A moving object, on the other hand, is not in its natural state and thus requires an explanation. Why is
this object moving? What keeps it going and prevents it from being in its natural state?
Why does an arrow fly through the air once it is
no longer being pushed by the bowstring?
This was an important question for Aristotle. He believed
the continual motion required an explanation, a cause.
Aristotle believed that the elements—earth, water, air, and fire—each had their own natural place in the
hierarchy of the universe. Earth, the heaviest, belonged to the lowest position. Water was next, then air and last,
fire. Aristotle reasoned that if any of these are out of its hierarchical position, its natural motion would
be to return. These natural motions occurred in straight lines, toward or away from the earth.
Consider this. Take some earth (dirt) and drop it into a jar of water.
The earth will naturally sink to the bottom, and bubbles of air will
naturally make their way to the top. The water will remain in the middle.
Furthermore, if there is a thin layer of kerosene atop the water, and we
light this on fire, the flames will naturally move upward, above the air,
toward their position in the hierarchy.
Now how about that arrow? To explain the motion of the arrow, Aristotle invoked an interaction between the
arrow and the air. As the arrow moves through the air it creates a partial vacuum (absence of air) behind it. The
air, returning to its natural position, rushes in behind the arrow to fill the void, pushing the arrow and causing
the continued motion. What’s most important here is that Aristotle believed that in order for the arrow to
continue moving forward, there must be something pushing it along.
But there is a problem here. This view predicts that continual motion, without any effort, is perpetual in air,
while being impossible in vacuum! But this is not what we observe. In fact, there are quite a few things
difficulties with Aristotle’s view; for instance, how would Aristotle explain the difference in the motions of a box
being pushed across a table, and that same box given the same push when it was on ice? Nevertheless, Aristotle
certainly laid the foundation for observing nature and using reason to try to explain the world around him.
Aristotle’s explanation of motion lasted for nearly 2000 years. The whole picture changed when Galileo
came on the scene. Galileo (1564 - 1642) reopened the question of the “natural state” of objects. But he asked a
different set of questions (an approach which often leads to breakthroughs in science). Here’s an example of the
way Galileo reasoned:
Consider a boy who sleds down a hill, out onto a horizontal patch of snow. Even if the snow is
quite smooth, we observe that the sled will eventually come to rest.

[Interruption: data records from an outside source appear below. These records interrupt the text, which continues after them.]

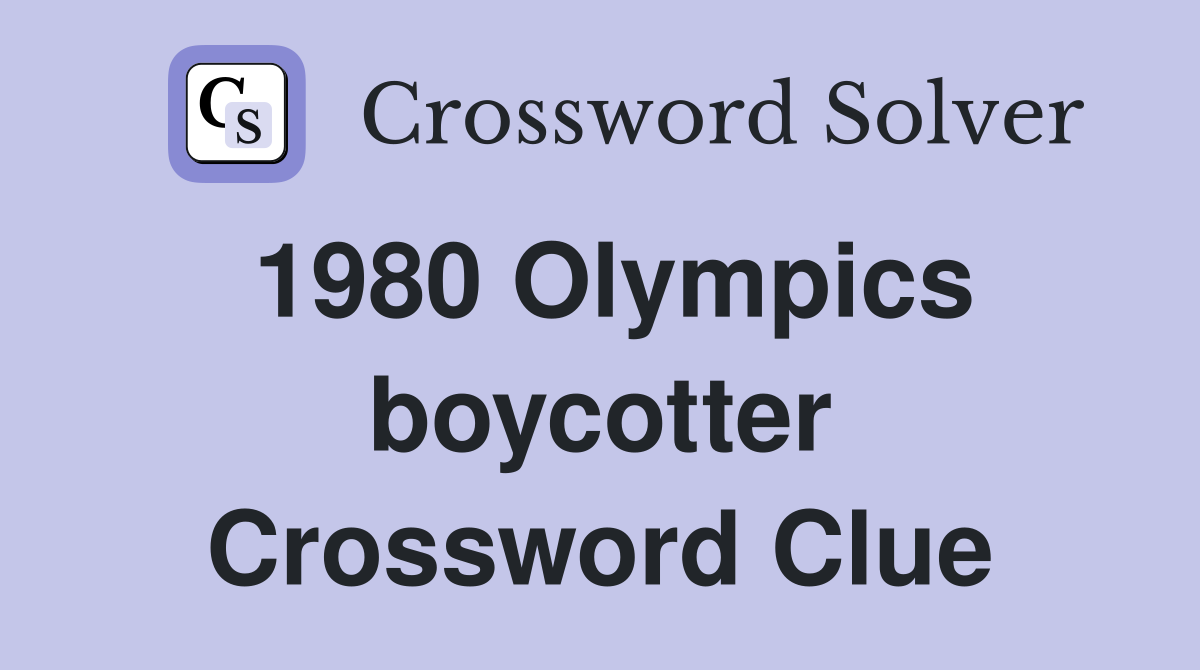 1980 Olympics boycotter Crossword Clue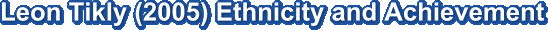 Leon Tikly (2005) Ethnicity and Achievement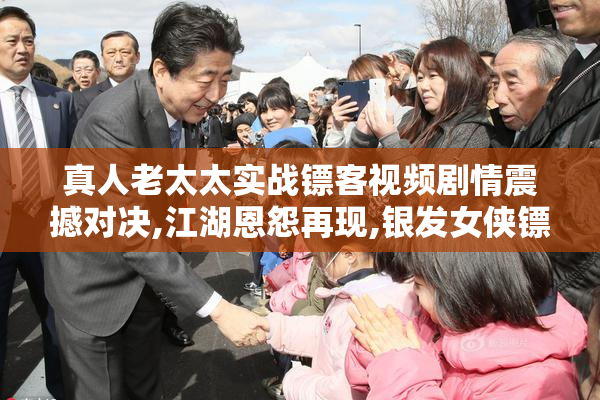 真人老太太实战镖客视频剧情震撼对决,江湖恩怨再现,银发女侠镖局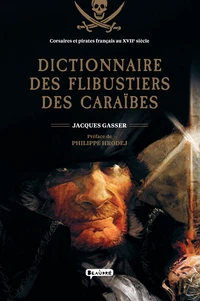Dictionnaire des flibustiers des Caraïbes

What if the boy slides down the hill onto some very slick ice? Now the sled could slide for quite a
distance before coming to a stop.
Galileo’s genius was in this next step. He imagined the case where all sources of resistance to the motion
were removed—perfectly smooth ice and no air resistance. This of course is an imaginary scenario, but
it does help us to see the essence of what’s happening. When the sled reaches this perfectly smooth
ice, it will continue in its motion forever, moving in a straight line with no loss of speed!
Moreover, it will continue to move without anything pushing it along!

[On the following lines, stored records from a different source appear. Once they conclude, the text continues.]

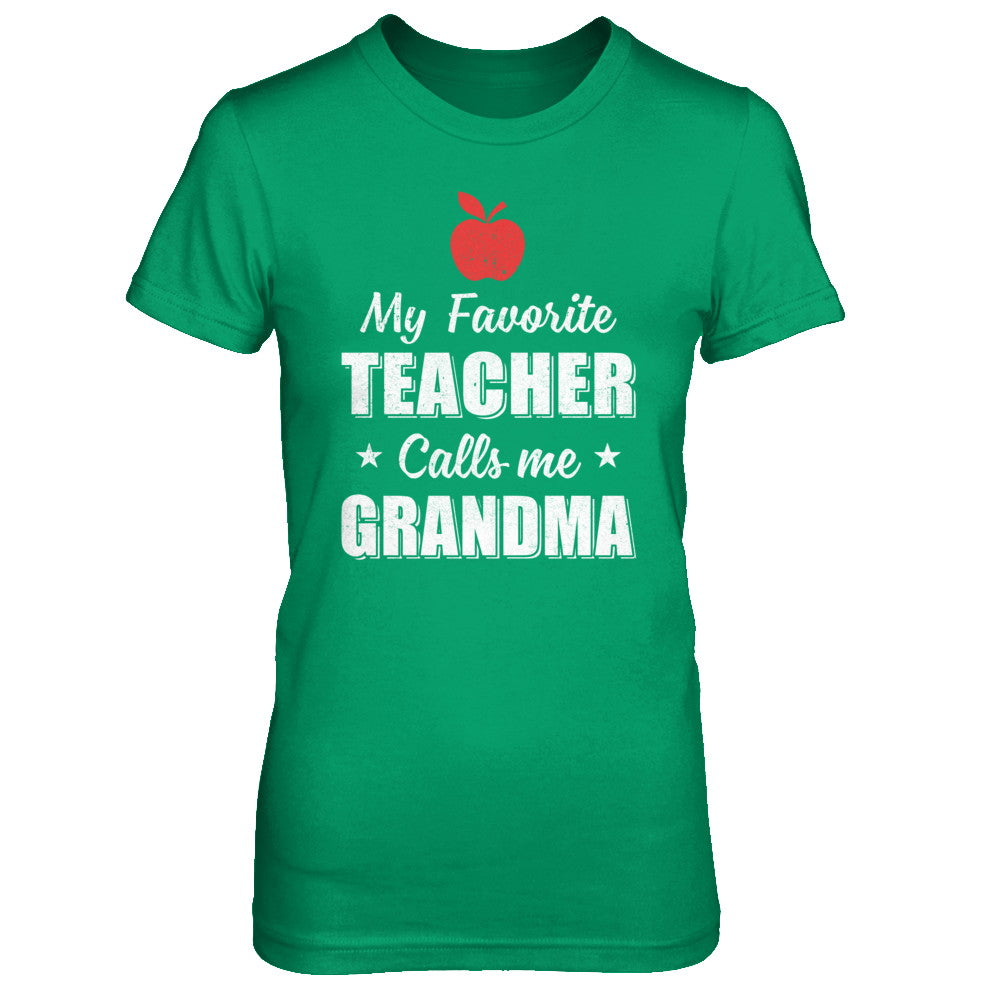 My Favorite Teacher Calls Me Grandma Mothers Day T-Shirt & Hoodie | Teecentury.com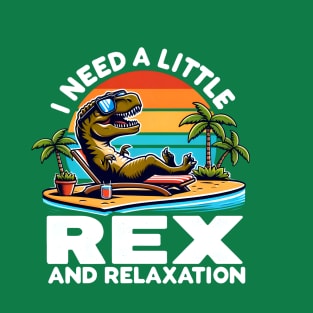 Funny Dinosaur - I need a little Rex and Relaxation T-Shirt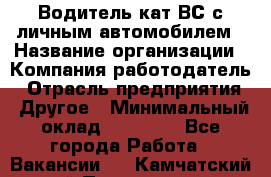 Водитель кат.ВС с личным автомобилем › Название организации ­ Компания-работодатель › Отрасль предприятия ­ Другое › Минимальный оклад ­ 25 000 - Все города Работа » Вакансии   . Камчатский край,Петропавловск-Камчатский г.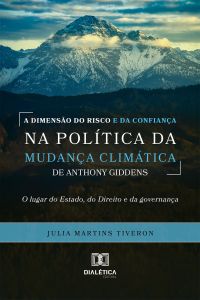 A dimensão do risco e da confiança na política da mudança climática de Anthony Giddens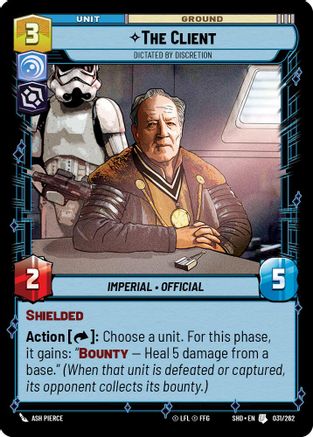 The Client - Dictated by Discretion (031/262) - Shadows of the Galaxy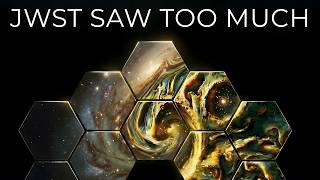 James Webb Keeps Finding Galaxies That Shouldn't Exist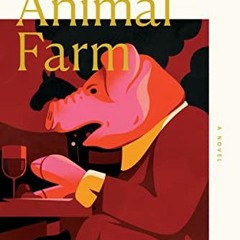 Read EPUB 💓 Animal Farm by  George Orwell PDF EBOOK EPUB KINDLE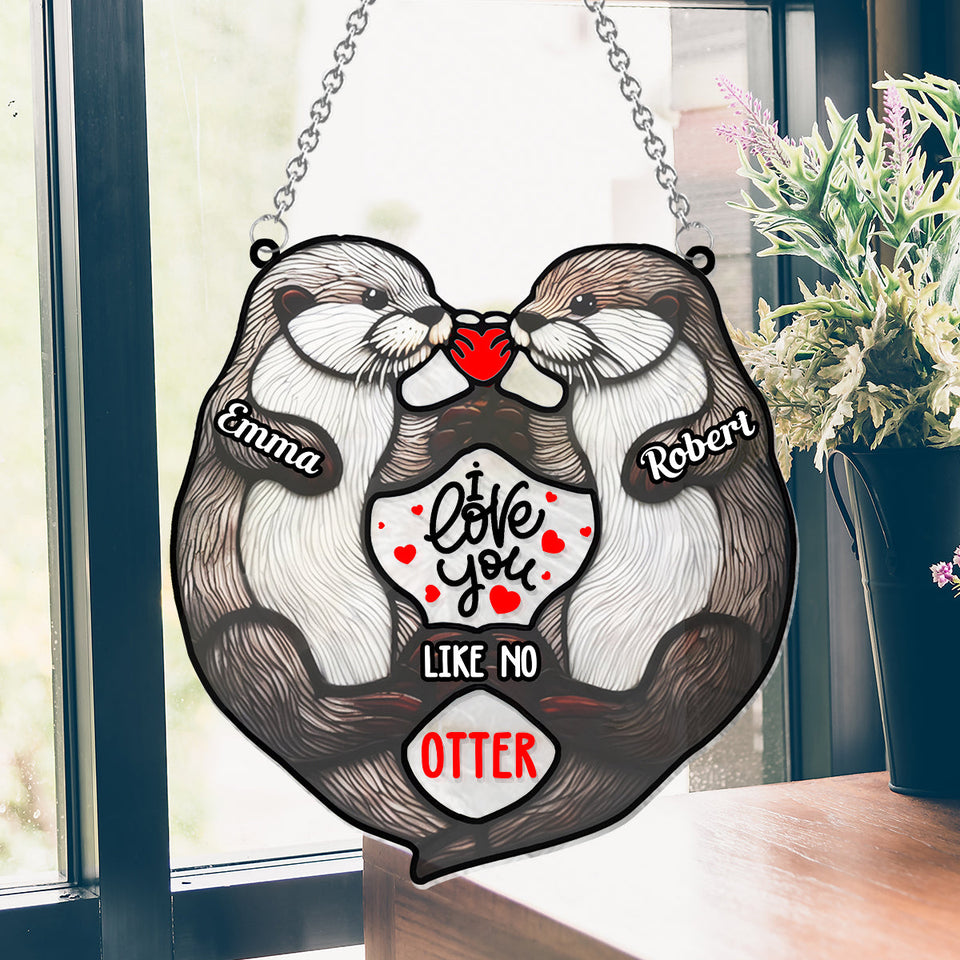 I Love You Like No Otter - Personalized Couple Window Hanging Suncatcher Ornament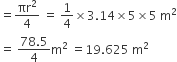 equals πr squared over 4 space equals space 1 fourth cross times 3.14 cross times 5 cross times 5 space straight m squared
equals space fraction numerator 78.5 over denominator 4 end fraction straight m squared space equals 19.625 space straight m squared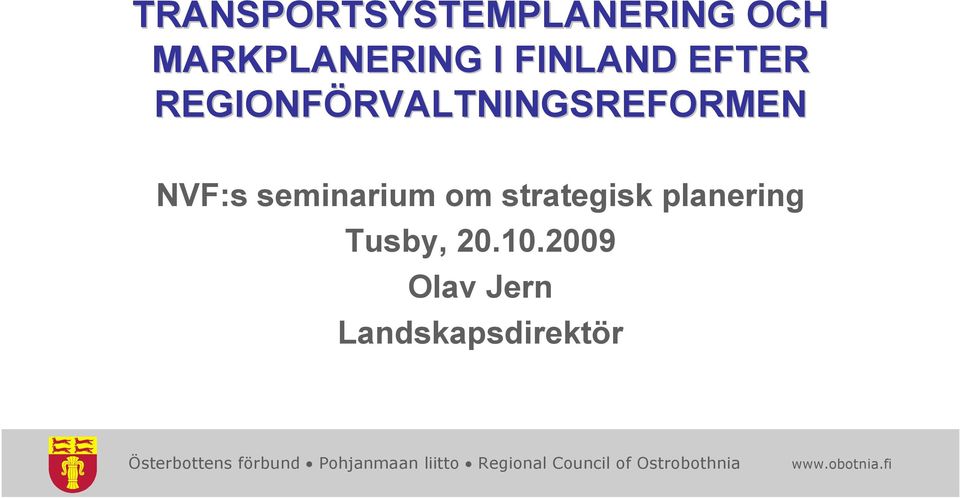 RVALTNINGSREFORMEN NVF:s seminarium om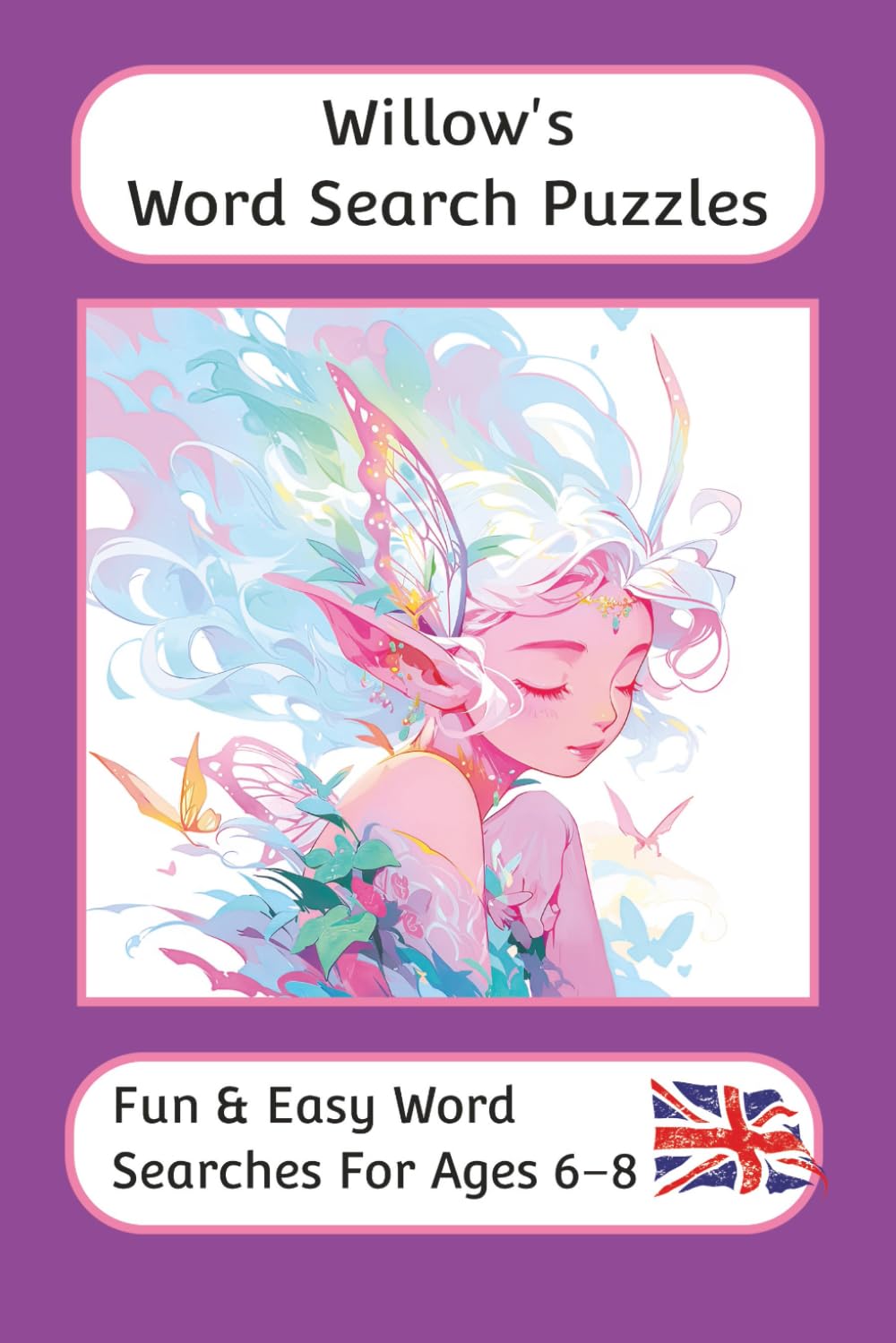 Willow's Word Search Puzzles - Fun & Easy Words Searches For Ages 6 to 8: A word search book with familiar British words and spellings: Personalised ... For Children - British Spellings And Themes)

The natural state of an object—its behavior if free from external influences—
is straight line motion with constant speed. We call this uniform motion.
In other words, when left alone, a moving object will continue to move in the
same direction with the same speed forever!

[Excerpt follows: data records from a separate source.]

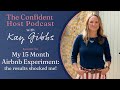 My 15 Month Airbnb Experiment: the results shocked me! | The Confident Host Podcast with Kay Gibbs
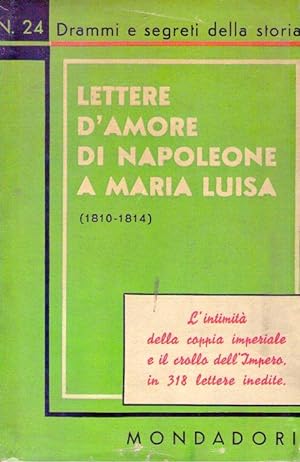 LETTERE D'AMORE DI NAPOLEONE A MARIA LUISA. 1810 - 1814. Introduzione, commento e note a cura di ...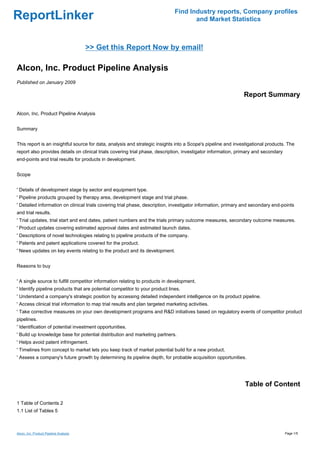 Find Industry reports, Company profiles
ReportLinker                                                                          and Market Statistics



                                        >> Get this Report Now by email!

Alcon, Inc. Product Pipeline Analysis
Published on January 2009

                                                                                                               Report Summary

Alcon, Inc. Product Pipeline Analysis


Summary


This report is an insightful source for data, analysis and strategic insights into a Scope's pipeline and investigational products. The
report also provides details on clinical trials covering trial phase, description, investigator information, primary and secondary
end-points and trial results for products in development.


Scope


' Details of development stage by sector and equipment type.
' Pipeline products grouped by therapy area, development stage and trial phase.
' Detailed information on clinical trials covering trial phase, description, investigator information, primary and secondary end-points
and trial results.
' Trial updates, trial start and end dates, patient numbers and the trials primary outcome measures, secondary outcome measures.
' Product updates covering estimated approval dates and estimated launch dates.
' Descriptions of novel technologies relating to pipeline products of the company.
' Patents and patent applications covered for the product.
' News updates on key events relating to the product and its development.


Reasons to buy


' A single source to fulfill competitor information relating to products in development.
' Identify pipeline products that are potential competitor to your product lines.
' Understand a company's strategic position by accessing detailed independent intelligence on its product pipeline.
' Access clinical trial information to map trial results and plan targeted marketing activities.
' Take corrective measures on your own development programs and R&D initiatives based on regulatory events of competitor product
pipelines.
' Identification of potential investment opportunities.
' Build up knowledge base for potential distribution and marketing partners.
' Helps avoid patent infringement.
' Timelines from concept to market lets you keep track of market potential build for a new product.
' Assess a company's future growth by determining its pipeline depth, for probable acquisition opportunities.




                                                                                                               Table of Content

1 Table of Contents 2
1.1 List of Tables 5



Alcon, Inc. Product Pipeline Analysis                                                                                                Page 1/5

It’s not constant motion that needs to be explained. Rather, why objects
don’t continue in constant motion is what needs to be explained. Why does
the sled, in reality, come to rest?
Galileo’s new viewpoint was that since the sled does, in reality, eventually come to a stop, it must not be free of
external influences. Today we call such influences that lead to deviations from uniform motion forces.
Notice that “at rest” has no special significance in Galileo’s view of motion—it is simply uniform motion
that happens to have a velocity of zero. This means that an object at rest, in the absence of external
influences, will remain at rest forever!